#### [Your objective]
Using the data below, set down every line from the one containing "André MARCHAND (1907-1997)Intérieur, l'atelier, 1942Huile" through the one containing "Brown Cotton Polo Shirt", inclusive and unchanged. Pictures are to be skipped.

*** Opening Records to use ***

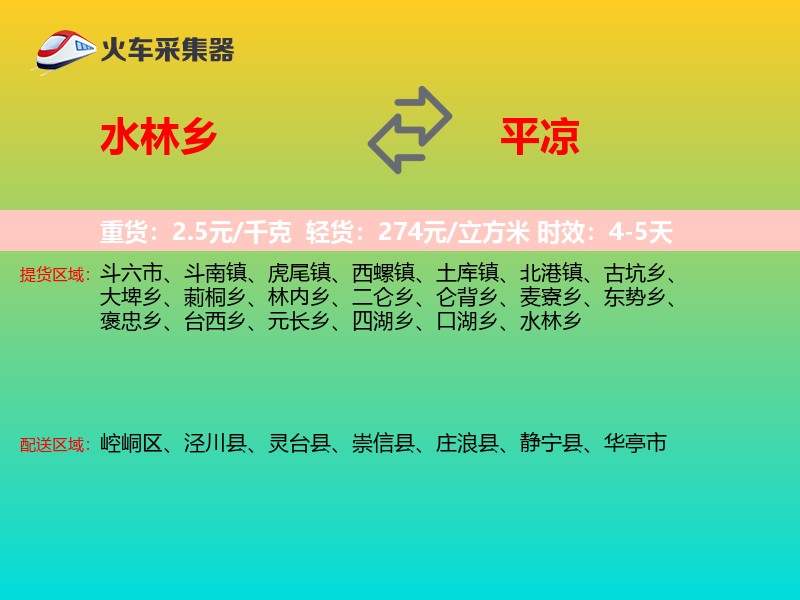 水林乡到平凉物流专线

*** Closing Records to use ***
*** Opening Records to use ***

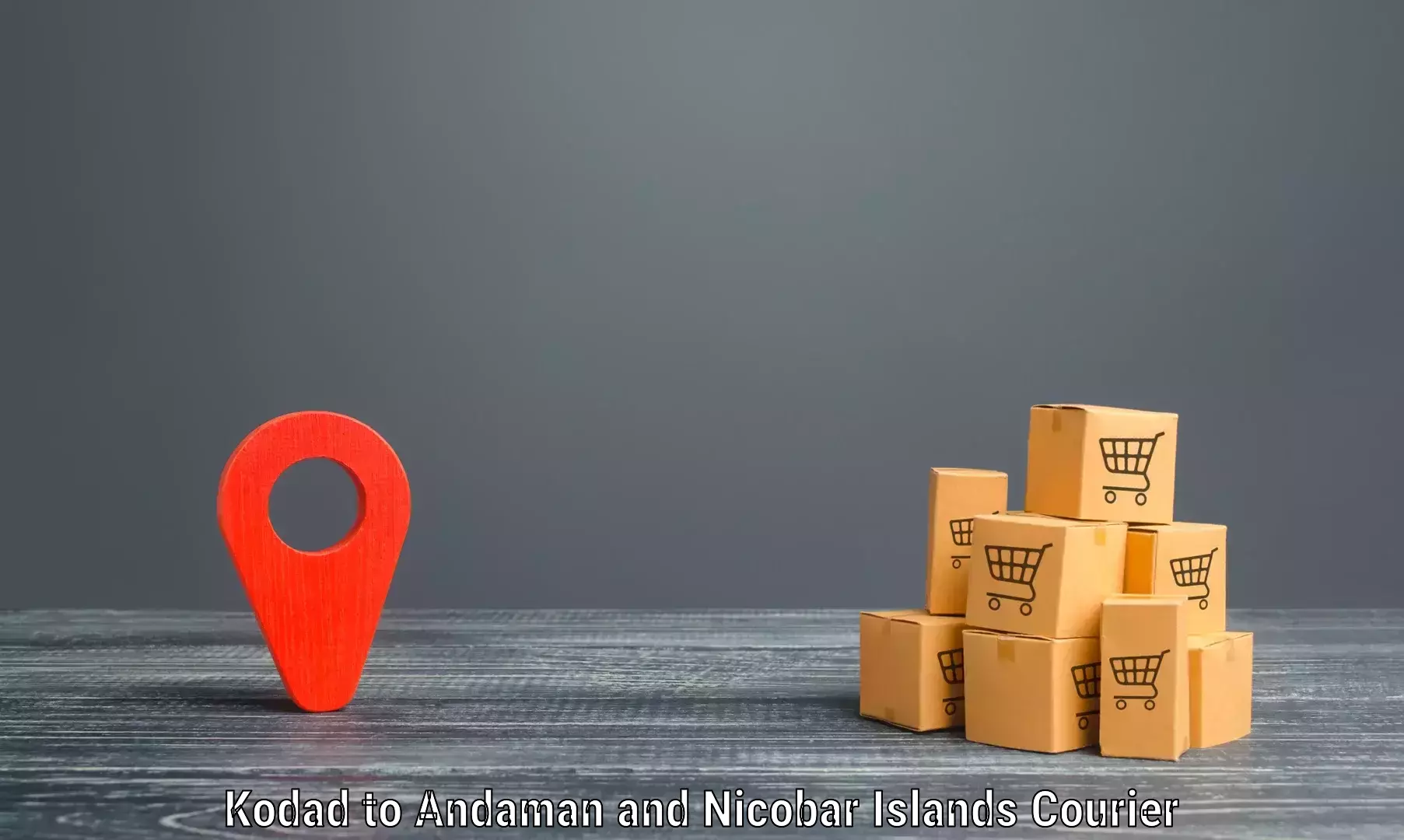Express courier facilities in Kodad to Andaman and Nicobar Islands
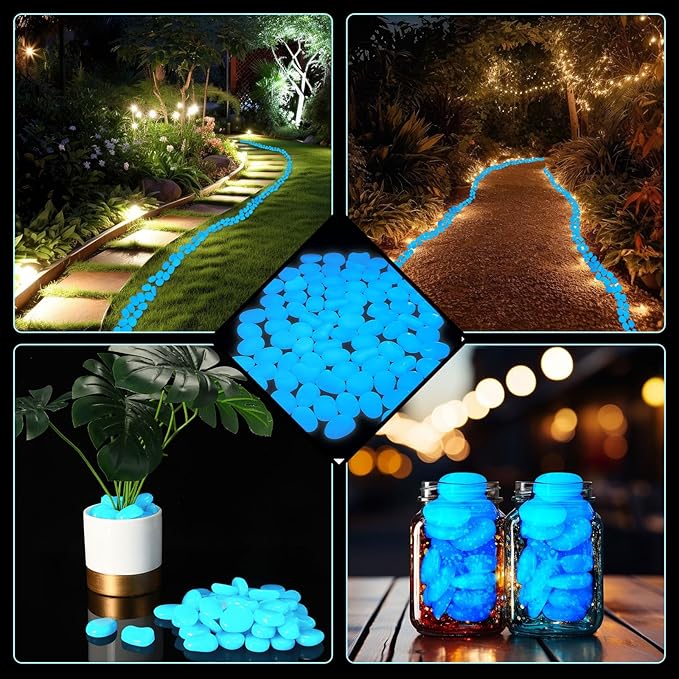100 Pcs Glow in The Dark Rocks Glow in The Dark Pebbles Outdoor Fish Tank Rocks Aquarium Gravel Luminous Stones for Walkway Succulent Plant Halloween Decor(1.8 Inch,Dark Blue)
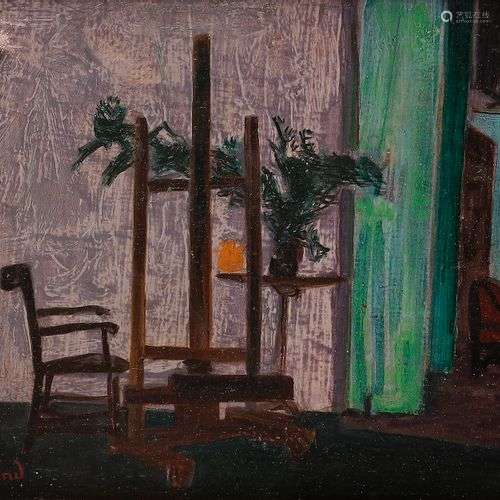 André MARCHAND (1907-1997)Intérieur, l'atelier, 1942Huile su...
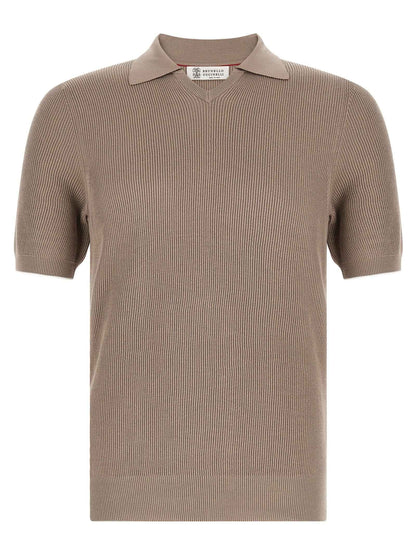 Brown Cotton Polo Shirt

*** Closing Records to use ***

#### [The completed task]
 André MARCHAND (1907-1997)Intérieur, l'atelier, 1942Huile su...
 Brown Cotton Polo Shirt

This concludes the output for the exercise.